Еще раз выругавшись в адрес свергнутого генсека, Тучков схватил прутик и снова принялся чертить на песке замысловатые схемы. Его технократический зуд было не унять.

— А вот еще! Институт чертежи разработал! Бункер для рыбы! А материал знаешь какой придумали? Алюминий и нержавейка! — Он оторвался от своих линий и вперился в меня горящим взглядом. — Ну вот скажи ты мне, на кой хрен из алюминия⁈

— Э-э… может, чтоб легче было? — наугад предположил я, отхлебывая пиво.
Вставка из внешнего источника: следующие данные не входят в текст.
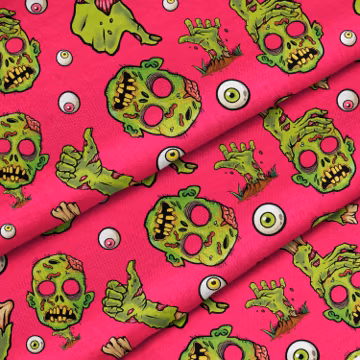 Zombie Print Softshell Fabric | Halloween Waterproof Raincoat Cloth | Sold by Half Metre | Kids Adults Spooky Outdoor Jacket Sewing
— Легче! — с сарказмом передразнил Тучков. — Да какая им разница, умник? Шестьдесят тонн на борту будет висеть или семьдесят? При нашей-то грузоподъемности! Бестолочи!

— А нержавейка? — решил я поддержать разговор, чтобы не выглядеть полным профаном в глазах гения.

— А что нержавейка? — Тучков махнул рукой с видом глубокого разочарования в человечестве. — Нержавейка — это, говорят, опытный образец! В серию, мол, будем потом пускать. «А если не пойдет в серию?» — спрашиваю их. «Выбросим!» — говорят. Выбросим! Это ж тонны! Тонны нержавеющей стали! Ущерб государству! Расстреливать таких конструкторов надо! Через одного!

Он снова сплюнул и с остервенением заровнял прутиком свой песчаный чертеж. Уха тем временем начала издавать божественные ароматы. Похоже, несмотря на инженерные терзания, кулинар из Тучкова был неплохой. По крайней мере, уха обещала быть знатной. А разговоры… что ж, у каждого свои тараканы. Главное, чтобы его тараканы не помешали нашему делу.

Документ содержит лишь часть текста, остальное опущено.